Dass das keinem der Beteiligten leicht gefallen ist, darf man getrost annehmen. Schließlich steckt die Spoga+Gafa in einer Phase qualitativen und quantitativen Wachstums. Die Entwicklung der Spoga+Gafa hin zu einer global relevanten Mehrwert- und Kommunikationsplattform stehe dabei im strategischen Fokus der Messeausrichtung, schreiben die Kölner. Darauf aufbauend habe die Koelnmesse die Einflüsse der jüngsten Vergangenheit genutzt und gemeinsam mit den beteiligten Gremien über den zukünftigen Veranstaltungstermin der größten Gartenlifestyle-Messe der Welt beraten. Oliver Frese, COO der Koelnmesse, fasst die Überlegungen so zusammen: „Ziel unserer Gespräche mit der Branche ist es, gemeinsam einer starken Messe die Chance zu geben, noch weiter an Stärke und Marktrelevanz zu gewinnen. Im Mittelpunkt der Betrachtung steht dabei das über die Jahre angepasste Orderverhalten innerhalb vieler Teile der Branche. Um diesem noch besser gerecht zu werden, findet die Spoga+Gafa, beginnend im kommenden Jahr, dauerhaft Ende Mai oder Anfang Juni statt.”
Auch Köln kann Wumms
Nur Mut? Mehr als das: Mit Realitätssinn wurde die richtige Entscheidung getroffen. Ein Kommentar.

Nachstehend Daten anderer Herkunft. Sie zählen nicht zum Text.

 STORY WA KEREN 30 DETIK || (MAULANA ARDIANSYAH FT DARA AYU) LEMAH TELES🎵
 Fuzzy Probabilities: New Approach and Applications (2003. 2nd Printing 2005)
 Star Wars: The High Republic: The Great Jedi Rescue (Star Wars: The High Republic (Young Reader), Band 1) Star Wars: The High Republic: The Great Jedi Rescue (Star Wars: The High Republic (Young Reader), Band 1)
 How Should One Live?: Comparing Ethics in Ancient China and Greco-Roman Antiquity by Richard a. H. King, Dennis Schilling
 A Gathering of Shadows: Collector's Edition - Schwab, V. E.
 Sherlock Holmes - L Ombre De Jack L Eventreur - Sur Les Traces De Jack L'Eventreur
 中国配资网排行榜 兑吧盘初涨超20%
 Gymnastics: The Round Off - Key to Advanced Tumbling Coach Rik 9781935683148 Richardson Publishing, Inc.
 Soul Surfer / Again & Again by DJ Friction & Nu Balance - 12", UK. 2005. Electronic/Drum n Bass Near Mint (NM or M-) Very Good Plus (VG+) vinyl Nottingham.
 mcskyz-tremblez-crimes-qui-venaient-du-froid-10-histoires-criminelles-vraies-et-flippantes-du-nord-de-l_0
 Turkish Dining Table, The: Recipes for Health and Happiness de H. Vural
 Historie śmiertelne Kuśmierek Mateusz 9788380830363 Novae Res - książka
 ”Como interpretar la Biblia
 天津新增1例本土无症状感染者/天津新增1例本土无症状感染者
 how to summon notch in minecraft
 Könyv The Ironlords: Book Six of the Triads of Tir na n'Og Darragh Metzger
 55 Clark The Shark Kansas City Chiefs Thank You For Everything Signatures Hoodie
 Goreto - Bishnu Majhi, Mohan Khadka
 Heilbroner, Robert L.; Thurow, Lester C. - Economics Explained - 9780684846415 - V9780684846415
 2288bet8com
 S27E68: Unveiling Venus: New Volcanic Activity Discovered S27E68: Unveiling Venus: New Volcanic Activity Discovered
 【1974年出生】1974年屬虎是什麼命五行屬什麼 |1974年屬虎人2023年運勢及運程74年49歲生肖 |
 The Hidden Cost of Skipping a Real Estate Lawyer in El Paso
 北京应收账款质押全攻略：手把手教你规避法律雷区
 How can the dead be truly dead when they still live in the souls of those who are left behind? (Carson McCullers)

Mit Wumms, so hat es Finanzminister Olaf Scholz gesagt, als er das Corona-Konjunkturpaket angekündigt hat, werde Deutschland aus der Krise kommen. Dass nicht nur Berlin, sondern auch Köln Wumms kann (jedenfalls, aber hoffentlich nicht nur rhetorisch), hat die Koelnmesse gezeigt. Die Messegesellschaft hat viel Mut bewiesen, als sie die Spoga+Gafa für das Jahr 2020 abgesagt hat, und noch mehr Mut, als sie sie auf einen neuen Termin verschoben hat.
Nur Mut? Nein, sie hat mehr bewiesen: Realitätssinn und die Fähigkeit, auf geänderte Rahmenbedingungen mit neuen Lösungen zu reagieren – auch bei einem so unbeweglich scheinenden Dickschiff wie der Spoga+Gafa.
Dabei: Unbeweglich war diese Messe gerade in den jüngsten Jahren nicht. Darauf weisen die Kölner zu Recht hin. Rahmenprogramm, Messemotto, die POS-Inseln, die mit dem IVG auf die Beine gestellten Sonderflächen, auf die auch in früheren Jahren verloren gegangene Aussteller zurückgekehrt sind – all das belegt nicht nur, dass die Messemacher kreative waren und sind, sondern vor allem auch, dass sie durch kontinuierlichen Dialog ein Gespür dafür haben, was die Branche will und braucht.
Die Kombi aus Mut, Realitätssinn und Gespür führte nun auch zur, wie ich finde, richtigen Entscheidung, die Messe ein gutes Stück im Jahr vorzuverlegen. Dieser Termin wird nicht allen gefallen – aber das hat der bisherige auch nicht getan. Doch gerade für die Baumärkte und andere große Distributionsformen liegt er richtig.
Schon seit Jahren haben sich vor allem diejenigen Aussteller (und die für sie relevanten Besucher), die ihre Ware in Fernost produzieren (lassen), über den für ihr Geschäft viel zu späten Termin beklagt. Anfang September war der Drop längst gelutscht, wenn es um große Mengen in den Hauptsortimentsbereichen Gartenmöbel und Grills ging.
Mit Blick auf die Besuchergruppe der Gartencenter und des Fachhandels hieß es dabei immer: Für sie ist der Termin als letzte Ordermöglichkeit zur kommenden Saison gut. Doch dazu passte nicht, dass die – freilich viel kleinere – Gardiente von Anfang an auf den Frühsommertermin gesetzt hat, obwohl sie doch genau auf diese Sortimente und diese Besuchergruppe spezialisiert ist. Und auch die (in den vergangenen Jahren immer wieder gebeutelte) Tendence in Frankfurt findet Anfang Juli und damit deutlich früher als die Spoga+Gafa bislang statt.
Ob sie für oder gegen eine Absage waren: Alle potenziellen Aussteller haben in den viel beschworenen Corona-Zeiten das Problem, dass sie mit ihren Zielgruppen irgendwie kommunizieren müssen – ohne die Möglichkeit, ihre Produkte erlebbar zu machen, oft ohne den echten, nicht-virtuellen Kontakt von Mensch zu Mensch, dafür aber mit einem viel größeren Aufwand für alle Beteiligten.
Das Fehlen einer Messe verschärft dieses Problem nur noch weiter und zeigt dadurch, wie wichtig starke Messen für starke Branchen sind. Deshalb verstehe ich die Entscheidung der Koelnmesse als eine Entscheidung aus einer Position der Stärke heraus: Man hat die Krise zu nutzen gewusst – mit Wumms.